Set down the full listing below word for word; pictures stay out of the copy.

**Supplied data**
--- START ---

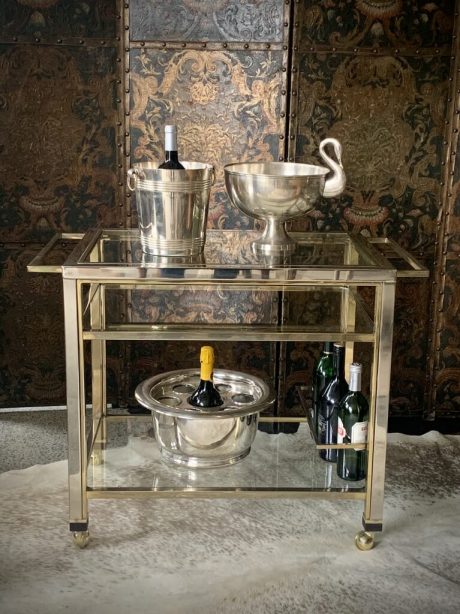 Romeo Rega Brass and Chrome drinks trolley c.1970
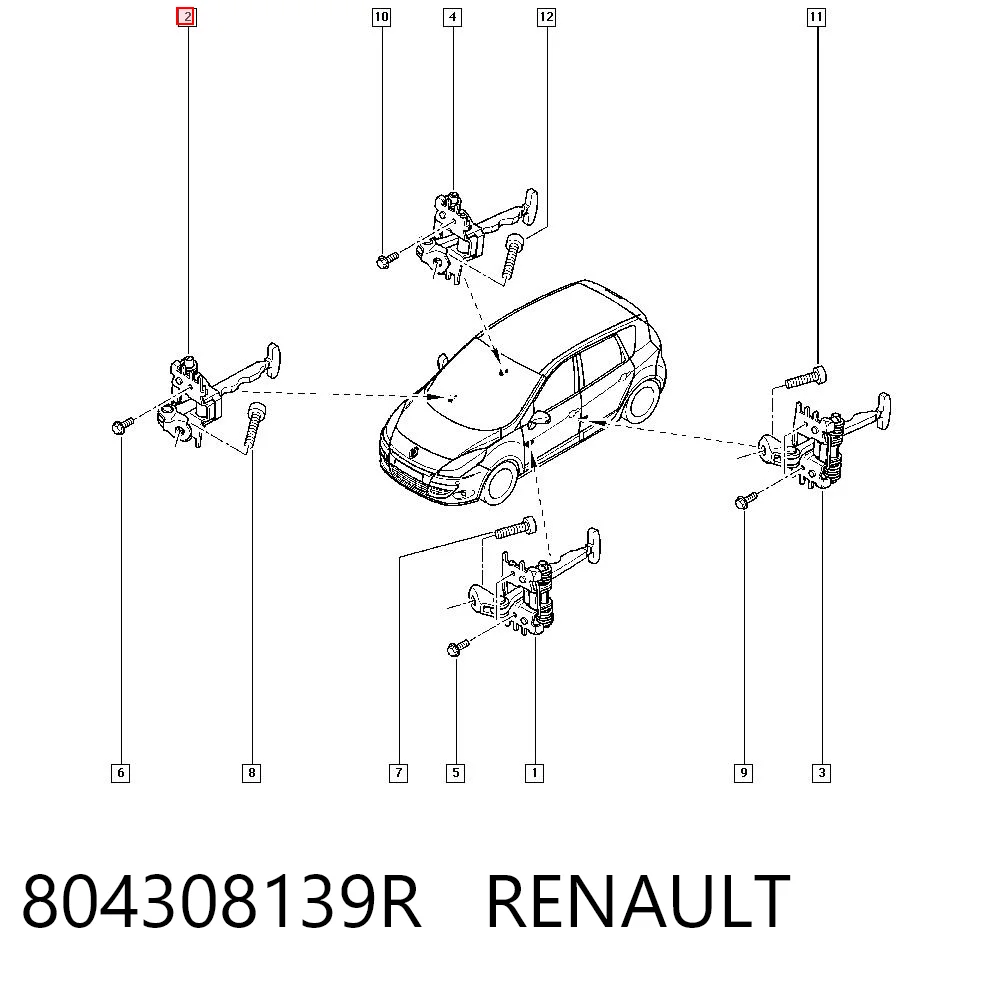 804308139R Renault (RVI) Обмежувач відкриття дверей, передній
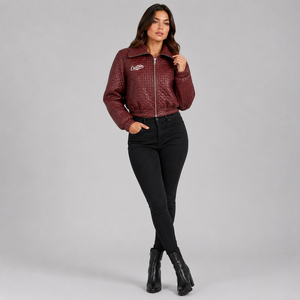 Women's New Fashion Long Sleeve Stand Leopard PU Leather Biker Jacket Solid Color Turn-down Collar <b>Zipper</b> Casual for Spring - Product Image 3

--- END ---

**Answer section**
 Romeo Rega Brass and Chrome drinks trolley c.1970
 804308139R Renault (RVI) Обмежувач відкриття дверей, передній
 Women's New Fashion Long Sleeve Stand Leopard PU Leather Biker Jacket Solid Color Turn-down Collar <b>Zipper</b> Casual for Spring - Product Image 3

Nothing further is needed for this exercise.